*WHAT THE TASK REQUIRES*. Copy nothing but the lines running from the one containing "Plush toy dog" through the end of the listing below. Drop the pictures.

*DATASET CONTENT*.
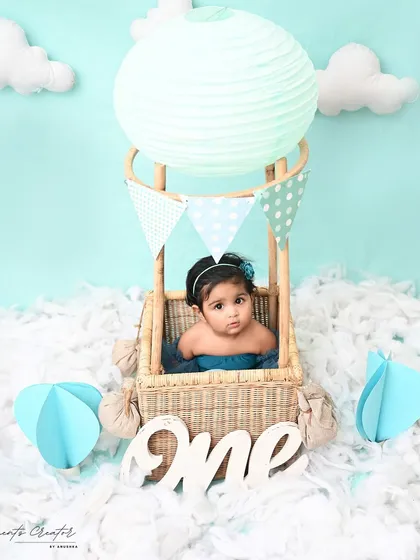Up, up, and away! This sweet baby girl is ready for an adventure in her very own hot air balloon. This whimsical setup is a creative and beautiful way to mark a first birthday.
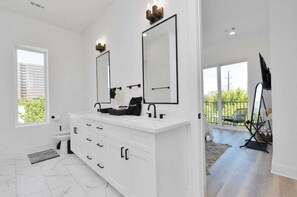Un baño moderno con un tocador blanco, dos espejos grandes y un ventanal con vistas al exterior.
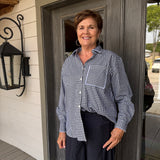 A smiling woman with short brown hair stands on a porch wearing a navy and white gingham button-down shirt and dark navy pants.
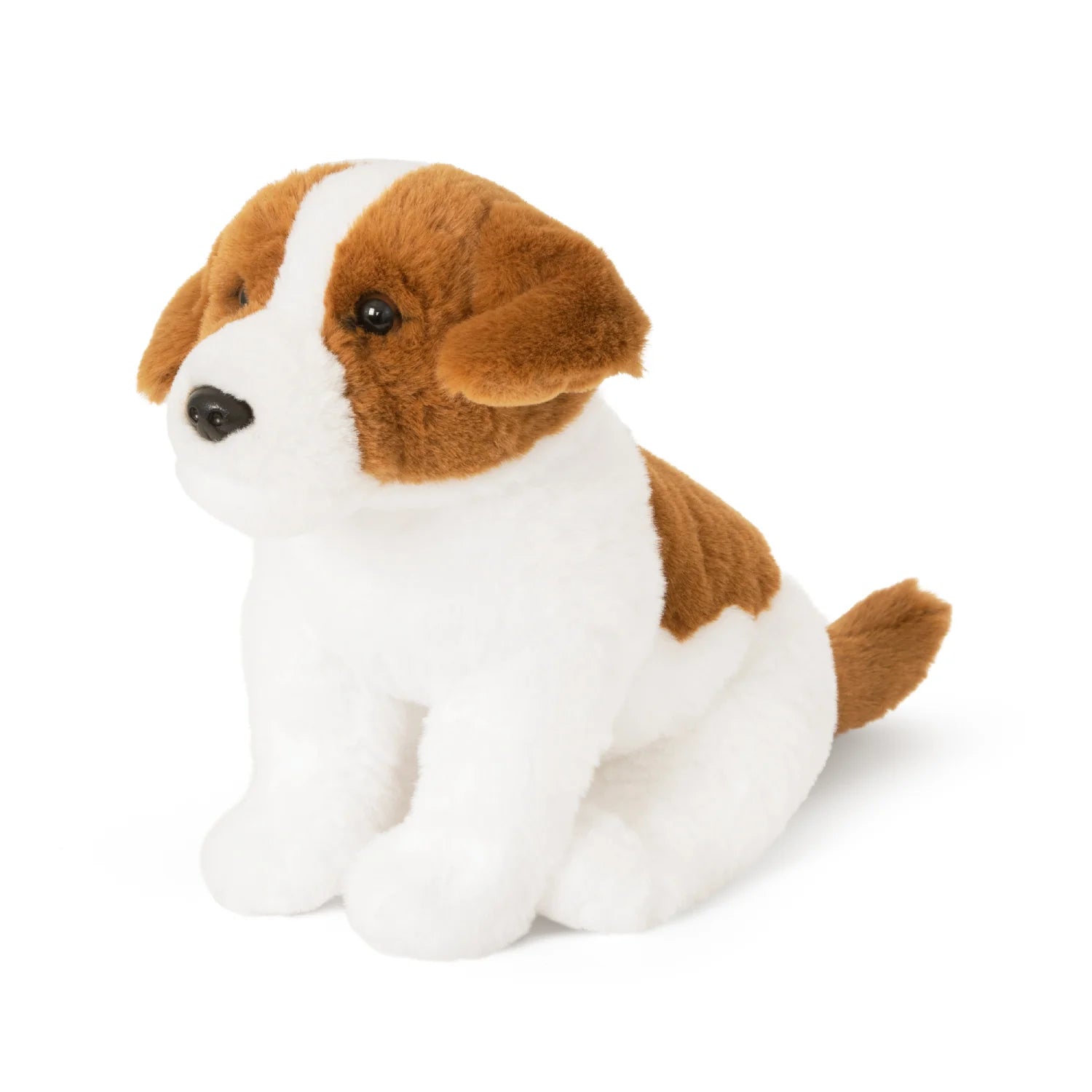 Plush toy dog with brown and white fur on a white background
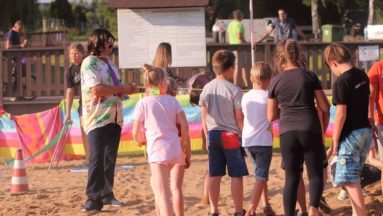 Zdjęcie przedstawia osoby stojące w grupie na plaży podczas jednej z zabaw.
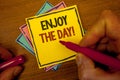 Conceptual hand writing showing Enjoy The Day Motivational Call. Business photo text Enjoyment Happy Lifestyle Relaxing Time Text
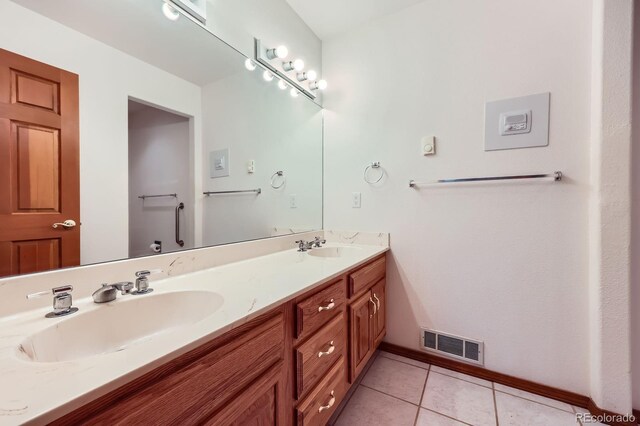 16710 Vincent Ave, Monument, CO 80132 - bathroom with double vanity and tile patterned floors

*SOLUTION TO THE PROBLEM*.
 Plush toy dog with brown and white fur on a white background
 Zdjęcie przedstawia osoby stojące w grupie na plaży podczas jednej z zabaw.
 Conceptual hand writing showing Enjoy The Day Motivational Call. Business photo text Enjoyment Happy Lifestyle Relaxing Time Text
 16710 Vincent Ave, Monument, CO 80132 - bathroom with double vanity and tile patterned floors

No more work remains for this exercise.